The proposed legislation has gained bipartisan support from officials concerned with the death penalty’s cost, inequities and what the letter called “irrevocable” consequences. For some, the moment marks a notable shift in perspective among former proponents of capital punishment. For those like Begala, it’s a moment of unison against what he has long believed to be a “barbaric” practice.
“I think the main thing that is changing people’s minds is the fact that all of the hair-splitting that goes on to justify the death penalty is really not born out,” Begala said.
Proponents of the death penalty often cite it as a necessary deterrent to crime.
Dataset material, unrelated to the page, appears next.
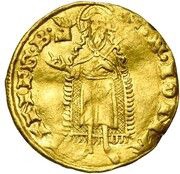 Florin - Jean the Blind Florentine type reverse image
However, studies have found no meaningful evidence to prove that claim, according to the nonprofit Death Penalty Information Center.
Crossland agreed that lawmakers on both sides of the aisle are paying more attention to long-held concerns about capital punishment – from its impact on crime, or lack thereof, to the financial toll on taxpayers.
The estimated extra cost of imposing the death penalty on Ohio’s current death-row prisoners ranges between $116 million and $348 million, according to the state’s most recent annual report on capital crimes.
“I think people are more aware of the cost of execution,” Crossland said. “People who didn’t know much about it would say, ‘Well, execute someone and that takes care of it. If you had to give them life and imprisonment, then you would have years of the state feeding and housing (them).’”
Some lawmakers have also begun to question how factors like economic class and race might create inequities within the death penalty system.
“Poor people and minorities were not having the means to defend themselves … and that has persisted with me, along with what I think is a proper Christian and cultural value of human life,” Crossland said.
Ohio has a back-and-forth history with the death penalty. In 1978, the state Supreme Court ruled that the policy was unconstitutional. However, lawmakers voted to reinstate the death penalty in 1981, following years of debate.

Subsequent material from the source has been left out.